►

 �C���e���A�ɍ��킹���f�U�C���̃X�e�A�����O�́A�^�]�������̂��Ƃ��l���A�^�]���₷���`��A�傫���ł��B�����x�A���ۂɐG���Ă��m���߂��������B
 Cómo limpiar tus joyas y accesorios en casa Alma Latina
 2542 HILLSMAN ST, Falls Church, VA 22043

◄
►

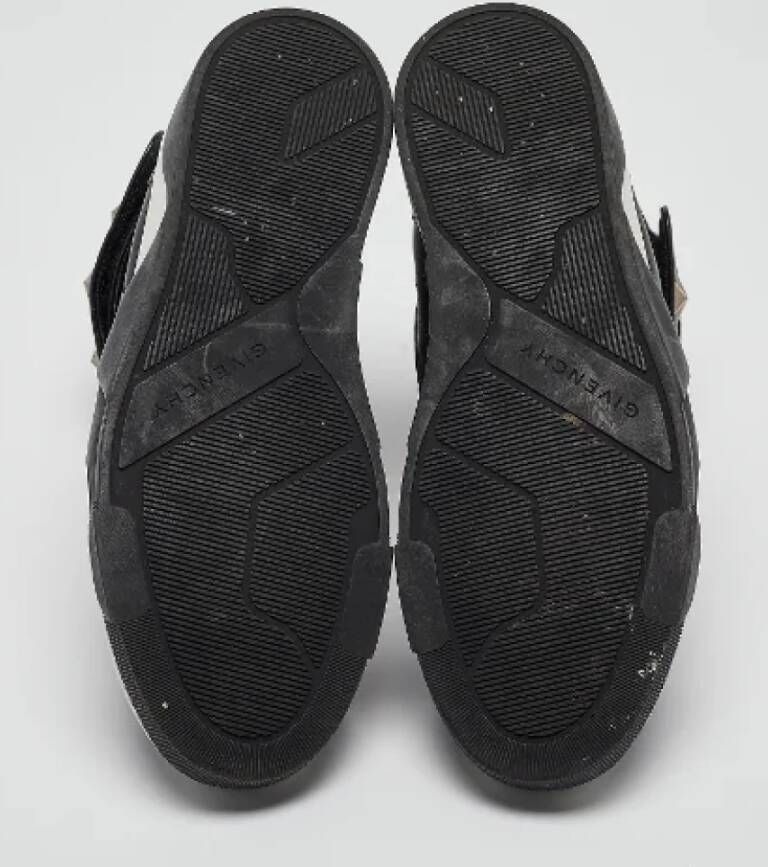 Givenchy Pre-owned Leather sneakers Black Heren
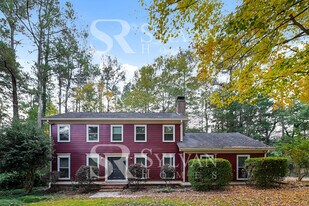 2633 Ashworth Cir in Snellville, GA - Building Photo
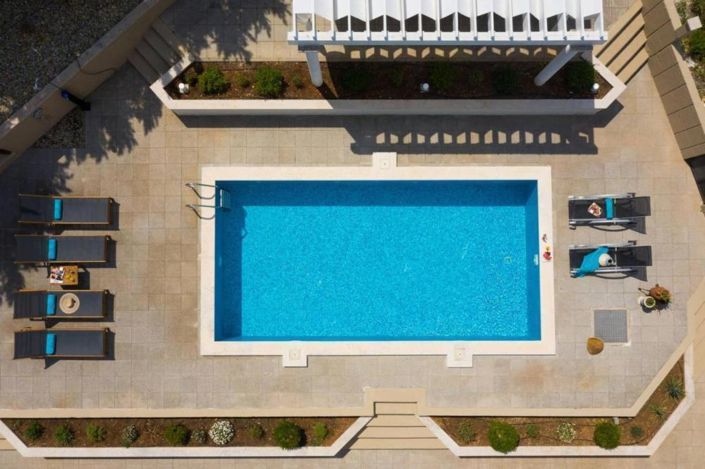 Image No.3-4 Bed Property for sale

◄

WORK INSTRUCTION = Above are entries with pictures among them. Write out exactly the lines from the one containing "2633 Ashworth Cir" through the one containing "Image No.3-4 Bed Property for sale", ends included, and leave those pictures out.

RESPONSE =
 2633 Ashworth Cir in Snellville, GA - Building Photo
 Image No.3-4 Bed Property for sale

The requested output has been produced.